▶ Recorded information:
......

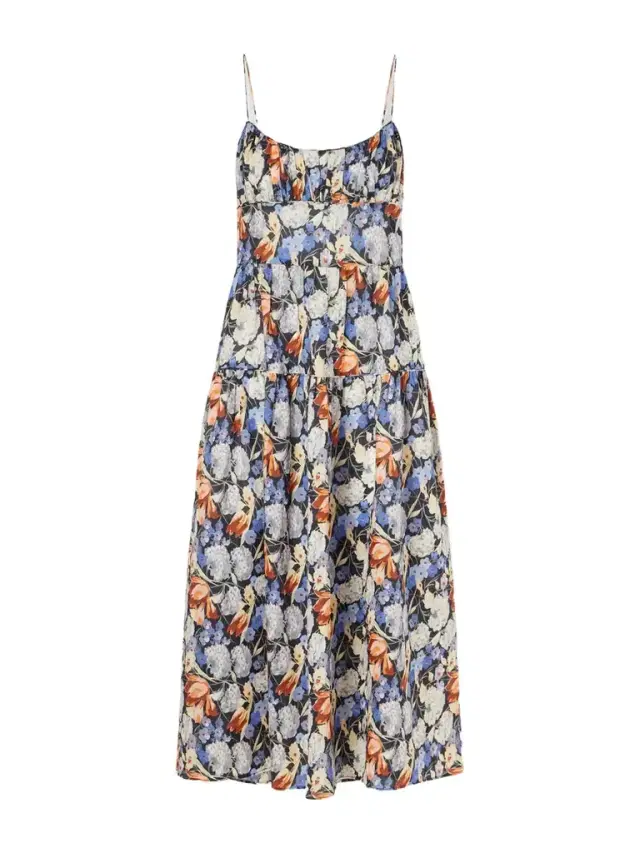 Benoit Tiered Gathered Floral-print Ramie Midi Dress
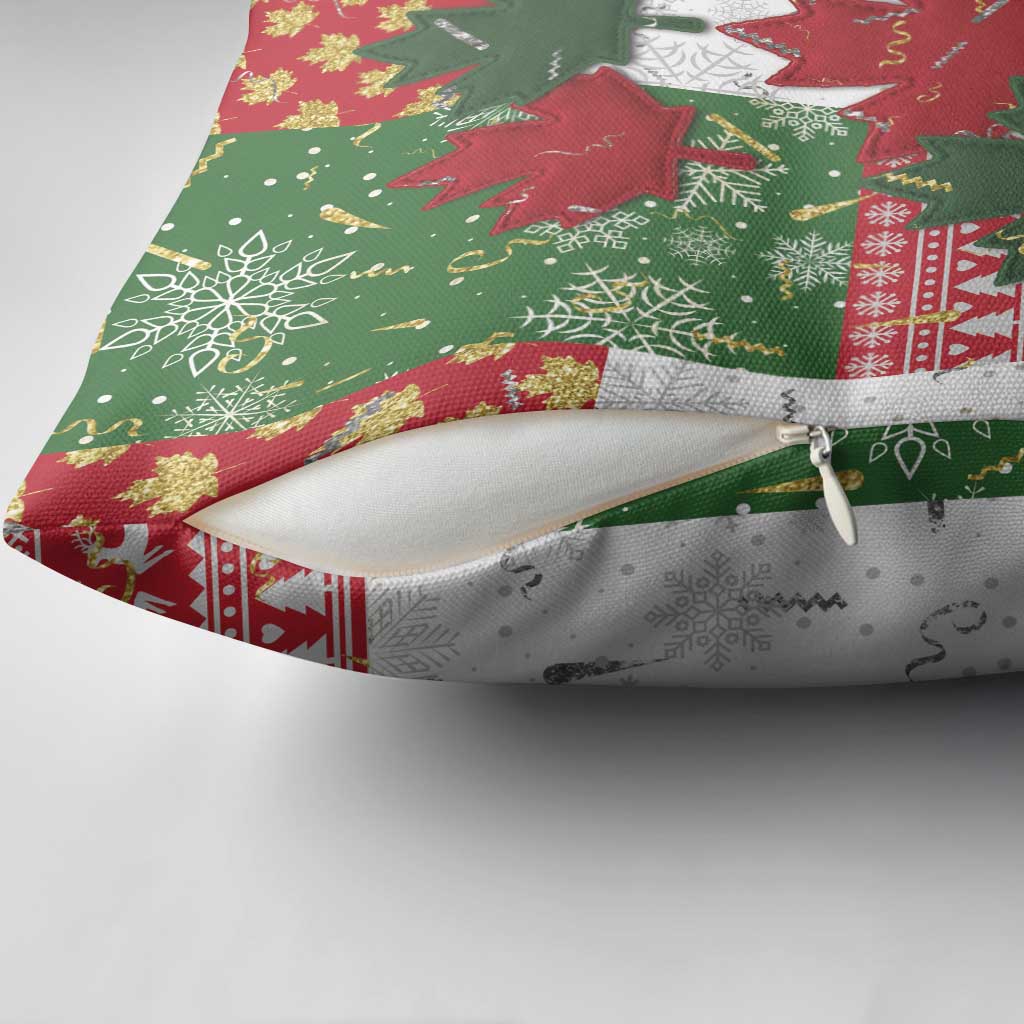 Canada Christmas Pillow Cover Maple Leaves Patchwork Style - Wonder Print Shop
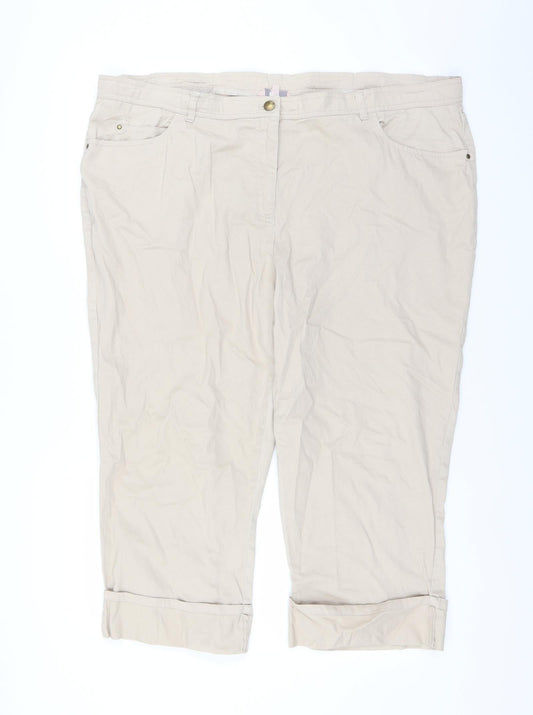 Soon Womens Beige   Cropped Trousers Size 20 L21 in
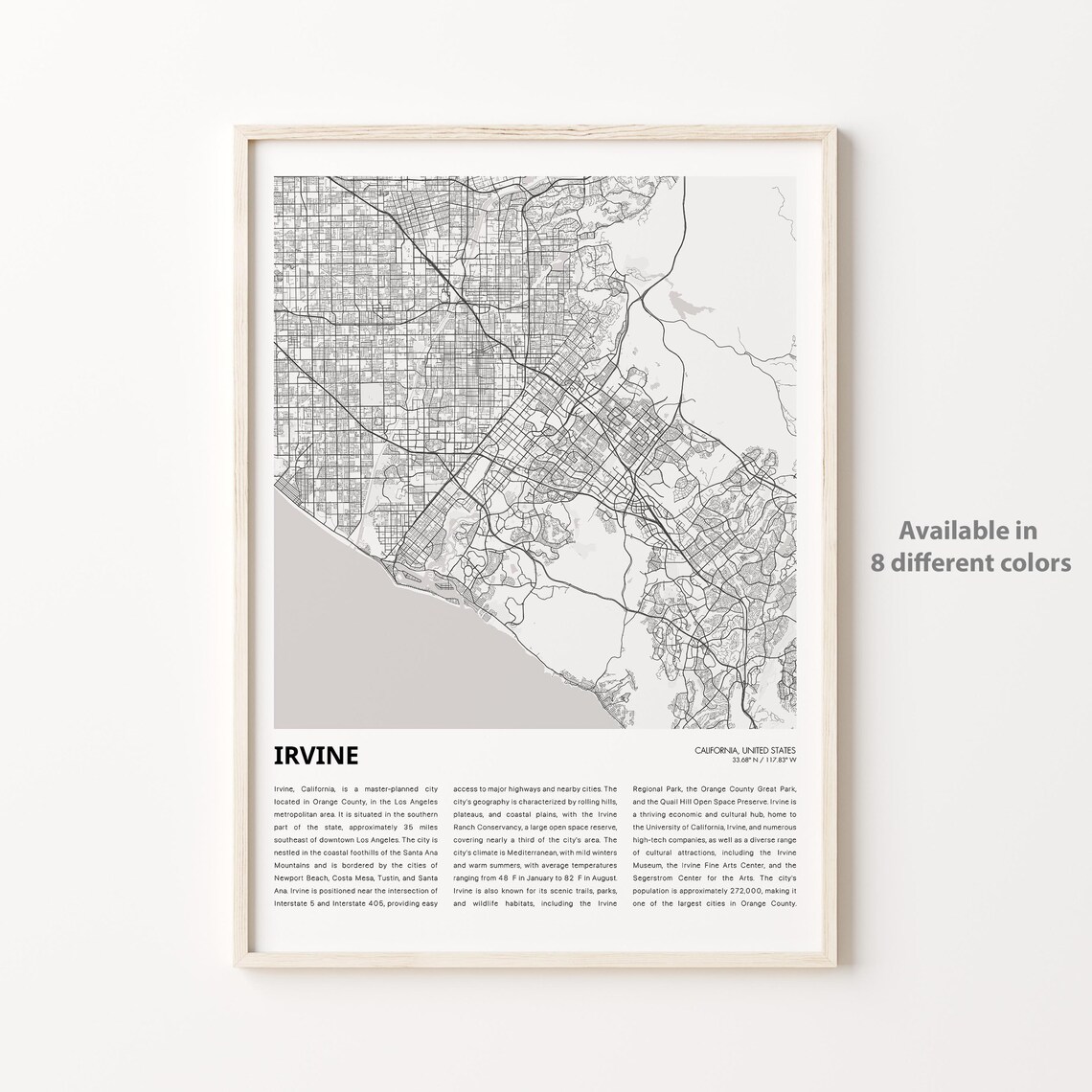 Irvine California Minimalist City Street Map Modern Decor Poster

......

▶ Your objective: The expected output is exactly the lines from the one containing "Soon Womens Beige" through the last line of the listing, both included, with every picture left out.

▶ Written solution:
 Soon Womens Beige   Cropped Trousers Size 20 L21 in
 Irvine California Minimalist City Street Map Modern Decor Poster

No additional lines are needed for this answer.